Polygon Overlay Operations using R
This Use Case demonstrates how to combine polygon data layers to create (and analyze) new geospatial layers. This case also provides a brief overview of the R spatial data object hierarchy provided by the sp class, as well as the implementation of the PROJ.4 map projection library within R.
Getting started:
Polygon Overlay (sometimes called Topological Overlay) operations determine the spatial coincidence (if any) of two polygon data layers, or between polygon and point usually creating a new polygon layer in the process. Polygon overlay techniques are often used by field scientists to explore the relationships between spatial attributes, stored as layers in a geophysical data model. Examples of polygon data are: species geographic range ranges, biomes, and watersheds. Examples of point data are: species sightings, breeding pair nest locations, or measurement stations.
Three widely used polygon overlay operations are:
- Intersection (logical AND): The common or shared area between two overlapping polygons.
- Point-in-Polygon (logical AND): Between a point and polygon layer, the subset of points located within the polygon boundary.
- Union (logical OR): The sum of the areas of two overlapping polygons.

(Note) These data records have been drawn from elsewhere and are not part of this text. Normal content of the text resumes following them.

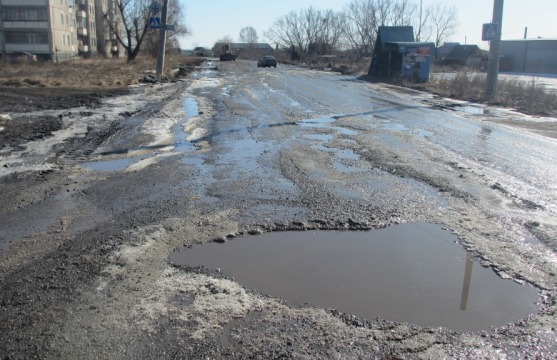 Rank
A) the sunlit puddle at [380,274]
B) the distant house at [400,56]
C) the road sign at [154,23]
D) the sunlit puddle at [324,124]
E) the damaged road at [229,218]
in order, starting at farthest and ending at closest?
the distant house at [400,56]
the road sign at [154,23]
the sunlit puddle at [324,124]
the sunlit puddle at [380,274]
the damaged road at [229,218]

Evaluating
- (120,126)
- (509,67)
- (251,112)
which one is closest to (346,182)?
(120,126)

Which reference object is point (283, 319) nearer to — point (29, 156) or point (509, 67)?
point (29, 156)

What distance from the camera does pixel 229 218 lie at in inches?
236

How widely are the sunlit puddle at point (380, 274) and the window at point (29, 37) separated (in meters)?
78.3

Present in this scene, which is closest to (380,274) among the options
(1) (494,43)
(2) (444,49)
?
(1) (494,43)

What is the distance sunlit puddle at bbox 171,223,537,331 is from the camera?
13.1 feet

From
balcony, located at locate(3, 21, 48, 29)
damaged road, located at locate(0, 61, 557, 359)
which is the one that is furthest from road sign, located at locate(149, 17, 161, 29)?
balcony, located at locate(3, 21, 48, 29)

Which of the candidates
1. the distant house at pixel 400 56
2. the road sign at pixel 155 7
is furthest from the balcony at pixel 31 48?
the distant house at pixel 400 56

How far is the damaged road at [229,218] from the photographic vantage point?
11.4 feet

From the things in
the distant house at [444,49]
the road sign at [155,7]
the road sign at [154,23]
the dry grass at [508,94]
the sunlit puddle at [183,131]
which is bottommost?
the sunlit puddle at [183,131]

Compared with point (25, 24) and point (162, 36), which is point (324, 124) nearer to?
point (162, 36)

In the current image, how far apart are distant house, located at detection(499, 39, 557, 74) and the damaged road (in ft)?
187

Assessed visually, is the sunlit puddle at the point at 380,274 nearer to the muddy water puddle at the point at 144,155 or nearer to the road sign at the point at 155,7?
the muddy water puddle at the point at 144,155

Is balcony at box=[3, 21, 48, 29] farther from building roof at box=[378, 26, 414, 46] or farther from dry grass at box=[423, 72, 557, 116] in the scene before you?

Until recently, polygon overlay operations required specialized Geographic Information Systems software. However, the advent of more powerful desktop computers and open-source, scientific software that include geospatial analysis tools (such as R) has changed this.
This use case demonstrates polygon overlay analysis using R applications packages which employ the core R geospatial data classes.

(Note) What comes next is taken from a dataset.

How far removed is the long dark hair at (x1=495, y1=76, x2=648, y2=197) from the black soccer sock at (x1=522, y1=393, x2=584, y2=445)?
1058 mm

This case uses the following R packages
- maptools: Shapefile input
and conversion to R spatial data types; simple map display
- PBSmapping: Geospatial layer creation and analysis, including polygon overlay
- rgdal: map (polygon and point layer) projection services
- sp: core geospatial data object classes
Review: Core R geospatial data types
Field scientists often measure phenomena that are distributed throughout the two (and sometimes three) dimensional space of the Earth surface (and atmosphere). From a spatial analysis perspective, these phenomena can be placed into four categories: Points (e.g., species sightings). lines (e.g., road, stream. or migration routes), polygons (e.g., geographic range areas, biomes, or conservation districts), and grids (e.g., climate measurements interpolated into a regularly-spaced matrix across a region). R geospatial packages include data types that are based on the core Data Frame, and augmented to store shape, locations, and map projection attributes:
The sp package provides a hierarchy of data objects to contain point, line, polygon, and grid data types. sp and other R classes that incorporate sp provide core geospatial operations for point-in-polygon and polygon overlay. However, as of June 2007, there are no similar operations for line data types. sp contains the following spatial data classes:
Spatial: Foundation class for sp spatial objects: includes objects to contractor projection and region 'bounding box' attributes
Polygon / Point / Lines / Grid Topology: Foundation classes store the basic graphical coordinates of the respective objects
Consider the complete class hierarchy using the polygon data type:
- Polygon Contains the basic graphical attributes for a single polygon object
- Polygons: A collection (list) of Polygon objects
- SpatialPolygons: The Polygons class with added Spatial class attributes
- SpatialPolygonsDataFrame: The SpatialPolygons class with added Data Frame class to store descriptive attributes for each polygon.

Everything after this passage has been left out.